§ Supplied data:
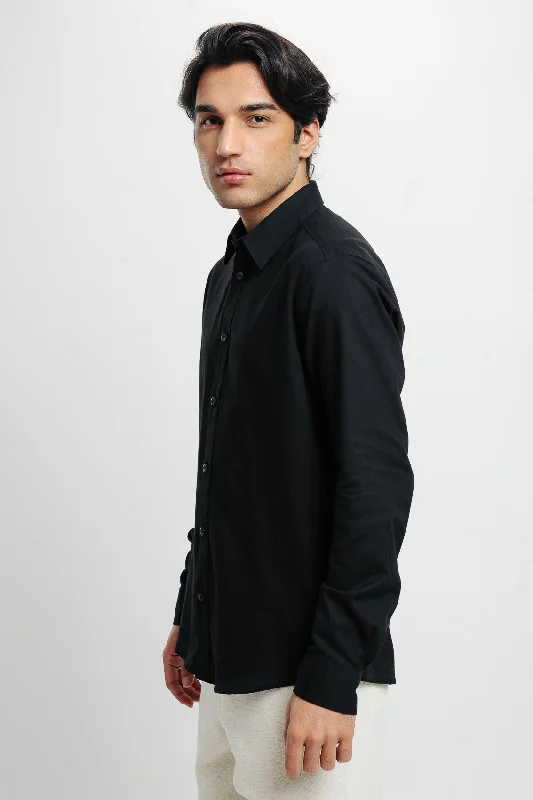 Men's Black Solid Shirt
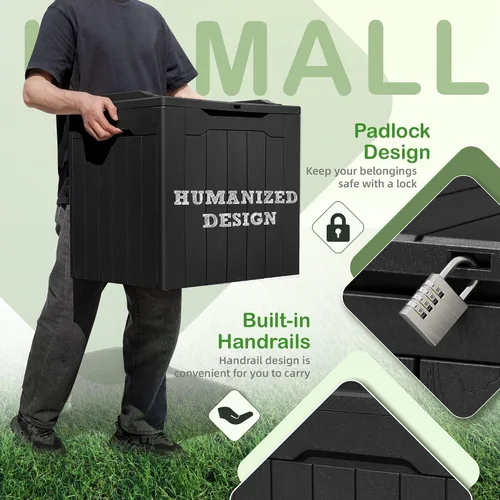 Vista 2 de Homall Caja de resina de 31 galones, impermeable, almacenamiento al aire libre, con cerradura, contenedor de organización y almacenamiento para Negro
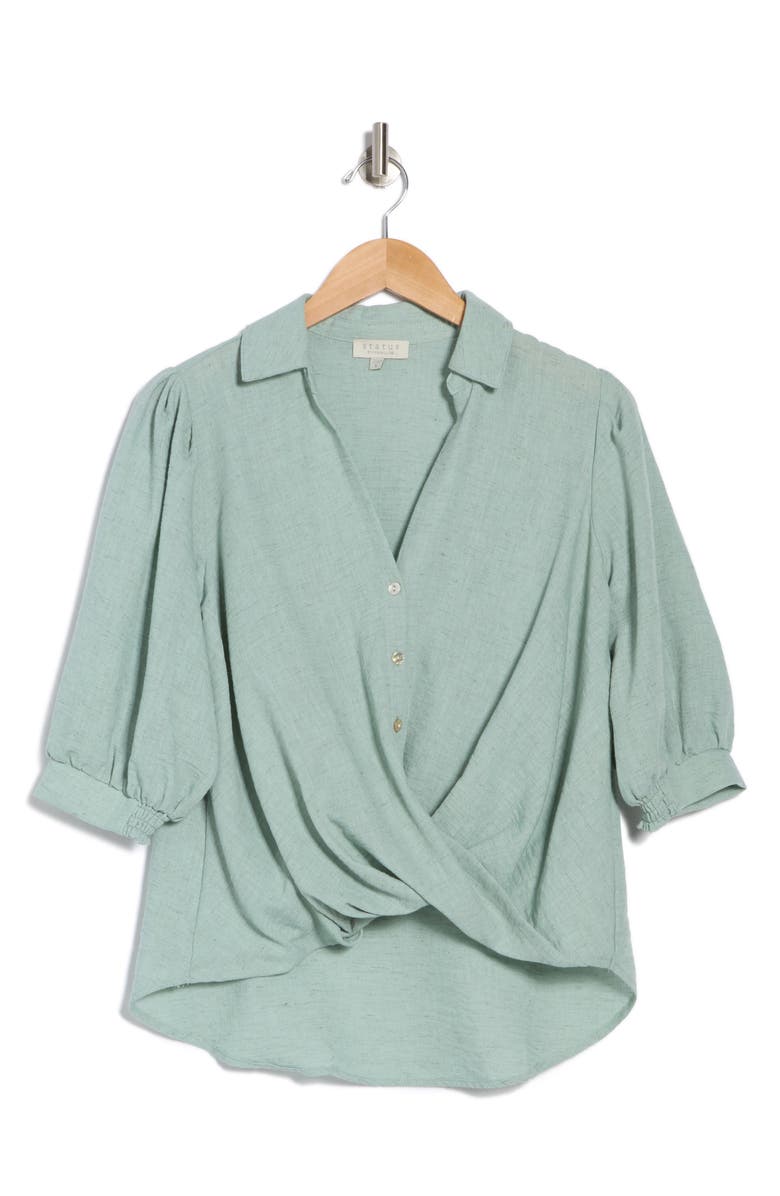 CHENAULT High-Low Button-Up Shirt, Alternate, color, Sage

§ Problem statement: Repeat the material verbatim but without any of its pictures.

§ Answer box:
 Men's Black Solid Shirt
 Vista 2 de Homall Caja de resina de 31 galones, impermeable, almacenamiento al aire libre, con cerradura, contenedor de organización y almacenamiento para Negro
 CHENAULT High-Low Button-Up Shirt, Alternate, color, Sage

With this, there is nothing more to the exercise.